By: 1812Blockhouse

Mansfield was a bustling place in 1896, with a population of approximately 17,000. On Saturday, May 30, the community came together to celebrate Memorial Day.

First known nationally as “Decoration Day,” the term “Memorial Day” was first used in 1882.Resulting from numerous observances across the country in honor of those lost in the American Civil War, it began to coalesce around a single theme after the Grand Army of the Republic, the veterans’ organization of its day, chose to coordinate decoration of graves of Union soldiers.

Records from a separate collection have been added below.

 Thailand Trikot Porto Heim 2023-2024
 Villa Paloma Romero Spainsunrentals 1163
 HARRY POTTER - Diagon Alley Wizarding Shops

Over the years and, of course, after the United States was involved in additional wars, the holiday came to commemorate the deceased of all wars.

On Saturday, May 30, 1896, citizens of Mansfield heard bells ring through the city at precisely 12:30 PM. An “Assembly Call” took place at 1:00 PM, followed by a procession to the Soldiers’ grounds in Mansfield Cemetery (or, if the weather was inclement, the Memorial Opera House on Park Avenue West).

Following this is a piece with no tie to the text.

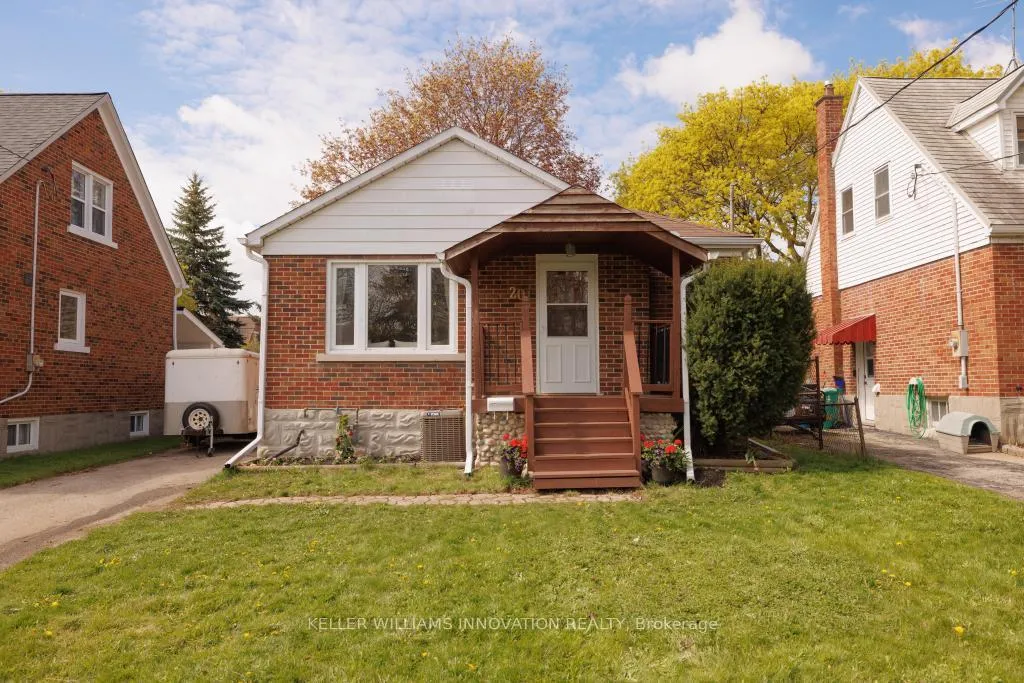 Photo 1 of 201 Bedford Road, Kitchener — HOMEH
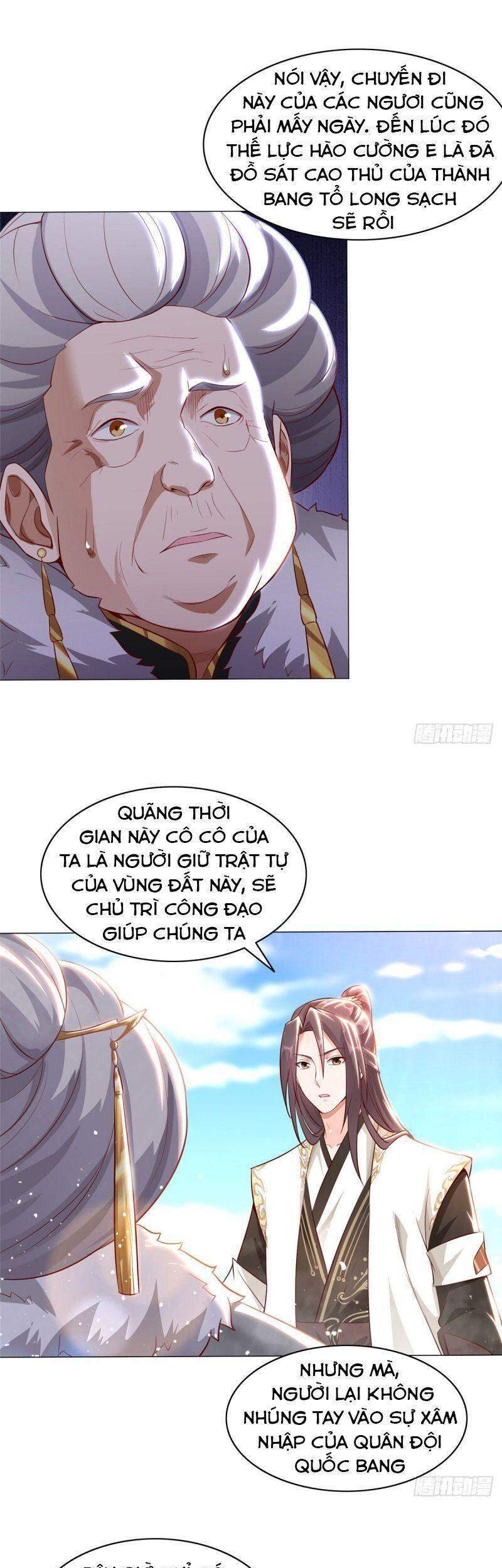 Mục Long Sư Chapter 47 - 6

The march lineup was published in advance. Mansfield City Police led the procession, followed by 13 additional units. The last group in the procession was “citizens.” President of the Day was Mansfielder Augustus B. Cornell, who served as a First Lieutenant in the Union Army. Cornell lived in a large house at 514 Park Avenue West, which still stands in altered condition (United Business Equipment is there today).

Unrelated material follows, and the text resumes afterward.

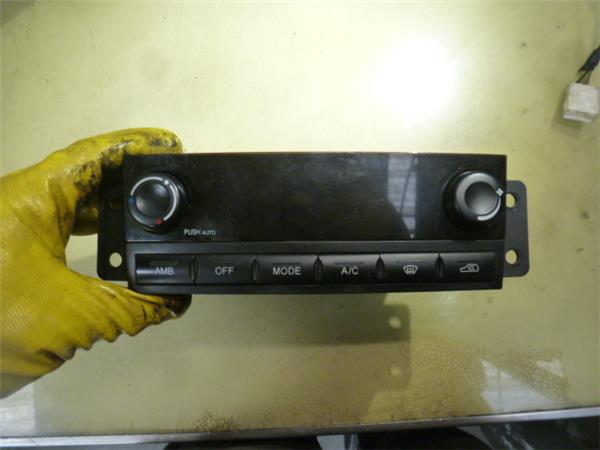 mandos climatizador ssangyong rexton 042003 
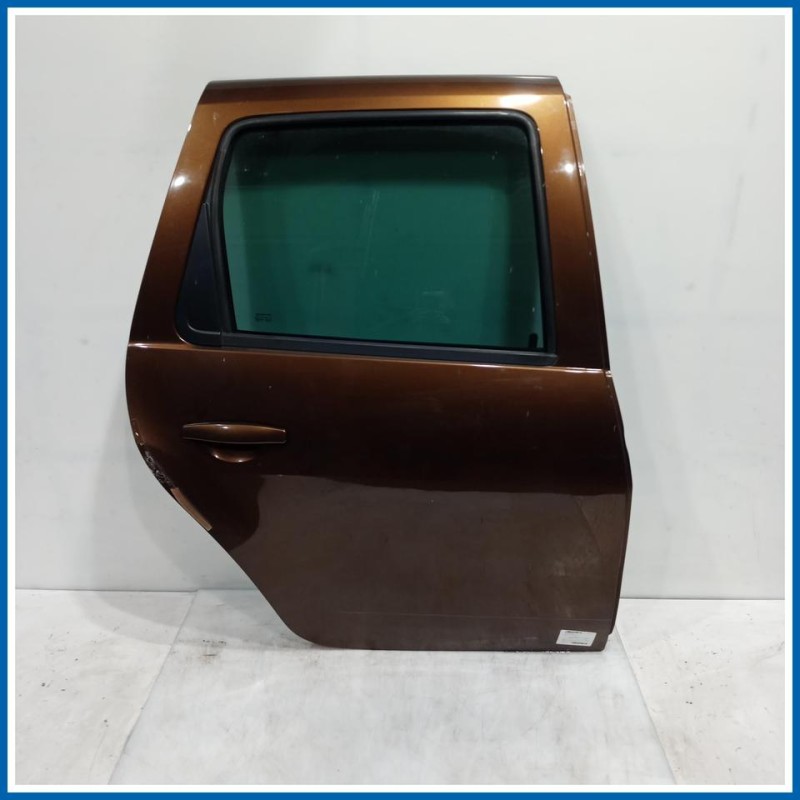 Porta PORTA POST DX 
dx. 
post. DACIA Duster I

The route of the march was “East to Main Street; thence South on Main Street to Chestnut Street; thence east on Chestnut to the Cemetery.”

At the cemetery, ceremonies included the decoration of graves, a bugle call, band music, a choir rendition, prayers, and an address by the Honorable Curtis E. McBride. McBride, an attorney, represented Richland County at the time in the Ohio House of Representatives, and had just been re-elected to office the year before.

The next day, the Mansfield Daily Shield referenced the floral decorations in Central Park, saying that they were of “unusual beauty,” and that “the bronze soldier was finely wreathed.”